SOURCE DATA:
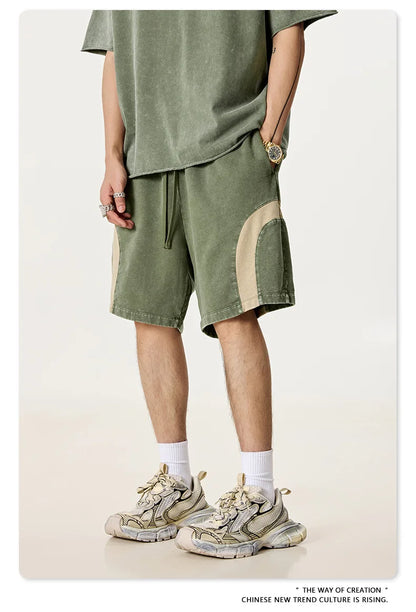 Customized LOGO men's summer European and American hip-hop style splicing contrasting shorts loose straight five-point pants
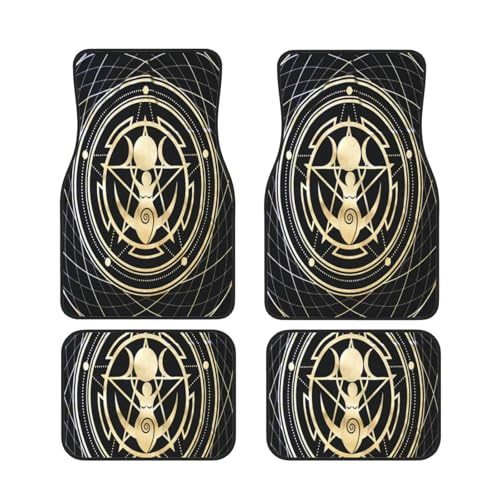 Alfombrillas de coche Wicca de goma duraderas alfombras de coche negras triple luna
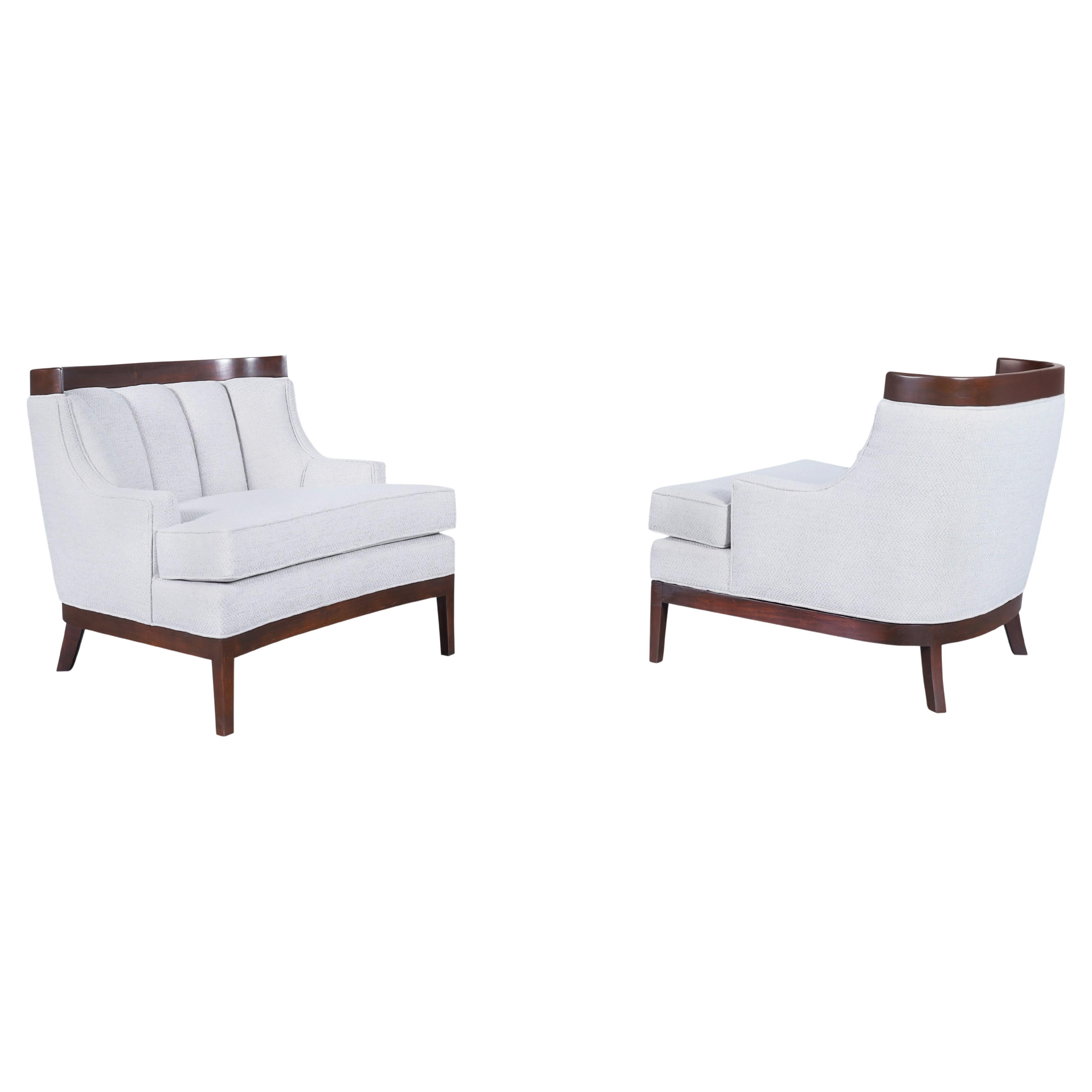 Vintage Sculptural Walnut Lounge Chairs in the Manner of Erwin Lambeth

WORK ORDER: Please copy the data shown above word for word, omitting the pictures.

SOLUTION BELOW:
 Customized LOGO men's summer European and American hip-hop style splicing contrasting shorts loose straight five-point pants
 Alfombrillas de coche Wicca de goma duraderas alfombras de coche negras triple luna
 Vintage Sculptural Walnut Lounge Chairs in the Manner of Erwin Lambeth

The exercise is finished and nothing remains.